One issue that could not be studied from available data sources relates to awareness and familiarity with the Internet and its associated technologies and applications. As with many technologies, individuals' plans to start using the Internet may be influenced not only by their existing skills, but also by their past experience, perceived skills and comfort with technology. Most seniors are out of the workforce, and some do not have as large a social network as younger Canadians, where they might have the opportunity to explore or discuss different uses of the Internet with colleagues or friends.1
In 2007, seniors were significantly less likely to be online than boomers, but the relative gap in Internet use rates between these groups has been closing from 2000 to 2007.
The increase in Internet use rates among older Canadians will likely persist as today’s seniors continue to adopt the Internet as an information tool. Additionally, because almost 80% of the baby boom generation are current Internet users, as these individuals age their continued use of the Internet is likely. These shifts, coupled with evidence that few online individuals later decide to cease using it, suggest increasing rates of Internet use among Canadian seniors.
While Internet use rates among Canadian seniors are likely to continue to increase, less is known about how specific patterns of online behaviour will change as boomers age. In every generation, the needs and preferences of individuals are likely to change as they age.25 This study did not examine changes in online behaviour over time, but did find that online baby boomers and seniors differed significantly in the types of activities they perform online.
Whether seniors of tomorrow will spend more time online—on average—than do today's seniors, is not immediately clear.

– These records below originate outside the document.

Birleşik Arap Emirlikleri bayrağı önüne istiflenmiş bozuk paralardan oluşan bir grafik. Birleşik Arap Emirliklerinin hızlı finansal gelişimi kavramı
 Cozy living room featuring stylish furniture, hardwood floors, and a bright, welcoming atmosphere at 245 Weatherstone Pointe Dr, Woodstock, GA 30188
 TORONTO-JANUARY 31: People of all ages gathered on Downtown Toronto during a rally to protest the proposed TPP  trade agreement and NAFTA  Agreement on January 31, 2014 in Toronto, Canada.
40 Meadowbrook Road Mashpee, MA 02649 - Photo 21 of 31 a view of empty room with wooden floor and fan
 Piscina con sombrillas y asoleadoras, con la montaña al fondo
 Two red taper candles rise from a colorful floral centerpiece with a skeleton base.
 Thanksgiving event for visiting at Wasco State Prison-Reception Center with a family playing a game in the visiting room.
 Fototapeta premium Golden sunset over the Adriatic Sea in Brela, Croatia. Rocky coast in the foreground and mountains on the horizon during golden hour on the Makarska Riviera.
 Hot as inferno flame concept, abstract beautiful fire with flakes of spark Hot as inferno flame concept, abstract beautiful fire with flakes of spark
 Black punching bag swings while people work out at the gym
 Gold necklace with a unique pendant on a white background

Overall, the fact that today's baby boomers generally engage in more online activities suggests that as the age cohorts move through time, Canadian seniors will have higher levels of Internet experience and increasingly diverse usage patterns. However, the extent to which these changes occur will vary with users' changing needs.
Ben Veenhof and Peter Timusk are analysts with Business Special Surveys and Technology Statistics Division at Statistics Canada.